Zineb a beaucoup voyagé. Ses voiles racontent les migrations de son peuple. Elle se rappelle la source bleue où elle a grandi avec sa mère. Elle se trouvait dans un désert de pierres qui symbolise l’Egypte, le fondement de leurs rituels et leurs premiers Dieux. Elle est partie à l’Ouest où elle a trouvé les déserts blancs au bord de la mer Méditerranée. Des colonnes de pierres narguaient les étoiles en l’honneur des dieux romains, ces hommes qui les prenaient pour des esclaves.
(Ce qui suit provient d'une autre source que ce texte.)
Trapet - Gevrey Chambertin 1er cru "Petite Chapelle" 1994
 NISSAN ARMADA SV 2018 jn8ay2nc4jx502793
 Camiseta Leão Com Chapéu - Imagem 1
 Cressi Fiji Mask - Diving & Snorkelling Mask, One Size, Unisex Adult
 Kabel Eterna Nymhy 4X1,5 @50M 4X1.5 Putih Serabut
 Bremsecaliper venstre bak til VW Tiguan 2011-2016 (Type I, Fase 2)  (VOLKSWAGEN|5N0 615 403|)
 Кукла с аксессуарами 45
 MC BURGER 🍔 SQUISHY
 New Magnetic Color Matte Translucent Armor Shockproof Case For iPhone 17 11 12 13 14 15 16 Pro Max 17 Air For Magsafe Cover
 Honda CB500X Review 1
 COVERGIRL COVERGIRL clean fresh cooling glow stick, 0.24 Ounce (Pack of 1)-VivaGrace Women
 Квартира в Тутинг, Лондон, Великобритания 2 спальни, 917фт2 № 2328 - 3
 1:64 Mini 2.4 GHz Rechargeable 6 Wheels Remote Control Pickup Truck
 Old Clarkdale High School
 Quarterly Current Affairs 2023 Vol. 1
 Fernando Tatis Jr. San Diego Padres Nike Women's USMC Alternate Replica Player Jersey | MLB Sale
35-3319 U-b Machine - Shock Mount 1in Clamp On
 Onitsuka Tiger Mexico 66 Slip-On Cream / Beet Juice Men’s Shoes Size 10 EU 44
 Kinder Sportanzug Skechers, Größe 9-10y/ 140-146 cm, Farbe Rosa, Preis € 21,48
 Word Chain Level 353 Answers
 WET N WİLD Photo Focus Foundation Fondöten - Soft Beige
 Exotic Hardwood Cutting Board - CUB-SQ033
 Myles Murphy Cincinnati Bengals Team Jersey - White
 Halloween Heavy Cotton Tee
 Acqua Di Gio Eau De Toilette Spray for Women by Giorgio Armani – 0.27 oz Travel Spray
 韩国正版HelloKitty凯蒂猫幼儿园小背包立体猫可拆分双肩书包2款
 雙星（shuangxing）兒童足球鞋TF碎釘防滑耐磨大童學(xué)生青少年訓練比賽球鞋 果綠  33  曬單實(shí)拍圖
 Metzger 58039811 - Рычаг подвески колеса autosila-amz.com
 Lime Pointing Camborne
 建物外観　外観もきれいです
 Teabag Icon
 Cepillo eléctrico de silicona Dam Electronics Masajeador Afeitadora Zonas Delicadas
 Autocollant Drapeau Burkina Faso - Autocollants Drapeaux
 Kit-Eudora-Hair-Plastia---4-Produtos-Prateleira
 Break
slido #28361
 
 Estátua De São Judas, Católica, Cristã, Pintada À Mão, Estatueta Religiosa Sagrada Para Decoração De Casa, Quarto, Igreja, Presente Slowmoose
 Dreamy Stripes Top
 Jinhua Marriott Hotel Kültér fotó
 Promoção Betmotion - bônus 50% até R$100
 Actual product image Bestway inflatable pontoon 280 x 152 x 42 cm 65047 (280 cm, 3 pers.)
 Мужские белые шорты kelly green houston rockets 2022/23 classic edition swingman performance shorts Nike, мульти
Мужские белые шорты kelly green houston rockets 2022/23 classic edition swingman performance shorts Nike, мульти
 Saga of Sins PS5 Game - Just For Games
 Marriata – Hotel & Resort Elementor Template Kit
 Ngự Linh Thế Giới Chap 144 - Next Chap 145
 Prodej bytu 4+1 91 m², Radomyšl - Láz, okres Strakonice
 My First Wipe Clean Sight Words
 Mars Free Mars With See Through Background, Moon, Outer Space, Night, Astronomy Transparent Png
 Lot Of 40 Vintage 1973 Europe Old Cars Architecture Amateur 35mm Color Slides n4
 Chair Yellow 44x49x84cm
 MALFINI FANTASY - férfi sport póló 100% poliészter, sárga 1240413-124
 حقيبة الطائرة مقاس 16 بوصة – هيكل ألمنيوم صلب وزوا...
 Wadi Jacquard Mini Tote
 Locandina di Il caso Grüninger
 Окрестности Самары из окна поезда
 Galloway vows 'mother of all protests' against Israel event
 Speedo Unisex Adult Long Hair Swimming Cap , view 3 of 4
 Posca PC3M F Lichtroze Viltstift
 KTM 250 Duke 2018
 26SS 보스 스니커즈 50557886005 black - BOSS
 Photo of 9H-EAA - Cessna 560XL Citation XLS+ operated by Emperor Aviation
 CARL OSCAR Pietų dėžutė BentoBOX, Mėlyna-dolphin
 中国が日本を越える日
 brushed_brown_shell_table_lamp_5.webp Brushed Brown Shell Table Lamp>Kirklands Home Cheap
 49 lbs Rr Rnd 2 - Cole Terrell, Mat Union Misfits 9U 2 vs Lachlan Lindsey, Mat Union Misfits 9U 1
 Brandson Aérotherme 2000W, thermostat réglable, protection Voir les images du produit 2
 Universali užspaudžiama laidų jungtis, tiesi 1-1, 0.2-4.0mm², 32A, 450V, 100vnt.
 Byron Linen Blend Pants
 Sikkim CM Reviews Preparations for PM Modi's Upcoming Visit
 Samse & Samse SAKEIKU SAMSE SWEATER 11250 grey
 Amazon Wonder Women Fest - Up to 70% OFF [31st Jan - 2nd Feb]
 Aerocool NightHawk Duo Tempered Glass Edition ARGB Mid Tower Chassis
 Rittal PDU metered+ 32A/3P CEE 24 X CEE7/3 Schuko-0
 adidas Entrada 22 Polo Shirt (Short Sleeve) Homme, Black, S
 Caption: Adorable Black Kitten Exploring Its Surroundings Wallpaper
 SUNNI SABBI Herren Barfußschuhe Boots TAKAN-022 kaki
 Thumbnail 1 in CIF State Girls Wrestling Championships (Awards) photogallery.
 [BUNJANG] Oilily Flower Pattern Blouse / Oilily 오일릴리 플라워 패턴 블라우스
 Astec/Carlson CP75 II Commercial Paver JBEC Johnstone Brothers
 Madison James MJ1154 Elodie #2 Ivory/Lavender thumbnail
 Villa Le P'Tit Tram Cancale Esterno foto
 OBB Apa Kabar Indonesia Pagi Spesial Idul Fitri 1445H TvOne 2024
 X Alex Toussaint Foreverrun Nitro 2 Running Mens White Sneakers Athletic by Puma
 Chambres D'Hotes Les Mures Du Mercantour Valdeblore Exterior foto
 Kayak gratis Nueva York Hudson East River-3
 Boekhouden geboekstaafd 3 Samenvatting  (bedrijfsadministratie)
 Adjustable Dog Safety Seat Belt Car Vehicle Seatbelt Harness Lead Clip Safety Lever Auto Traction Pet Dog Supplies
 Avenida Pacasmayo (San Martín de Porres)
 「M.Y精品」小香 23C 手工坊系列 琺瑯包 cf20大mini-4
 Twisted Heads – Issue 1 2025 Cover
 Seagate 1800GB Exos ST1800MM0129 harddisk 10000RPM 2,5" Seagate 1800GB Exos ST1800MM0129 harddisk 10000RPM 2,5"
Puis elle a visité les déserts des montagnes du Rif où le thé chante avec le sucre de la vie. Elle a goûté les chants insoucieux des nuits étoilés qui mènent à l’ivresse de la Terre. Elle a suivi le sillon du désert rouge orangé et des oasis des Touareg. Elle a vu les déserts qui ouvrent sur Tombouctou et sur le plateau de l’Adrar en Mauritanie où elle a vécu la conversion de son peuple. Elle a ouvert ses yeux sur les temples, ceux des Chrétiens, ceux des Juifs, ceux des Musulmans et elle a su que le véritable voile était celui du jugement.
Le litham signifie le voile ou le cache-nez en arabe. En langage des oiseaux, il est le lit de l’âme, celui qui délie la vérité de chacun d’entre nous. Il est le chèche des touareg, le voile traditionnel qui indique le respect, le respect de soi, le respect de l’autre, le respect de la nature. Il couvre la tête pour montrer la nature véritable de la femme. Blanc ou noir, il est coiffé d’une parure qui illumine le visage. Des fleurs, des perles, des broderies, des métaux, il dévoile notre préciosité. Il incarne notre vie et la continuité de la vie. En portant ce voile au fil du temps et des temps, les yeux apprennent à regarder au-delà des voiles des différences et retrouver le voile universel qui forme notre héritage commun.
Je porte le voile des yeux
pour regarder l’âme qui habille ton être de vie.
Aujourd’hui, Zineb chuchote le secret de sa sagesse :
« Je suis la fleur du regard, la fleur de la vie, la fleur du voile qui dessine les horizons de mes voyages. Avec le voile brodé sur ma tête, j’ai appris à persévérer dans le brouillard de la chaleur, dans la froideur des nuits du désert, dans la continuité de la transhumance. Avec le voile sur mes yeux, j’ai appris à regarder mes racines, mes héritages et mes valeurs. J’ai mis de la distance avec l’extérieur qui jugeait mes ancêtres et je me suis convertie à moi-même. Je suis devenu le voile des yeux, celui qui regarde avec la profondeur de l’émotion qui se dévoile dans les yeux étoilés de l’être aimé, de l’amour de l’autre, de l’âme qui vit au fond des iris de chacun. »
Le peuple berbère est un ensemble de peuples d’Afrique du Nord et qui a pratiqué différentes religions avant de se convertir majoritairement à l’Islam. Certains berbères sont juifs, parfois chrétiens et païens.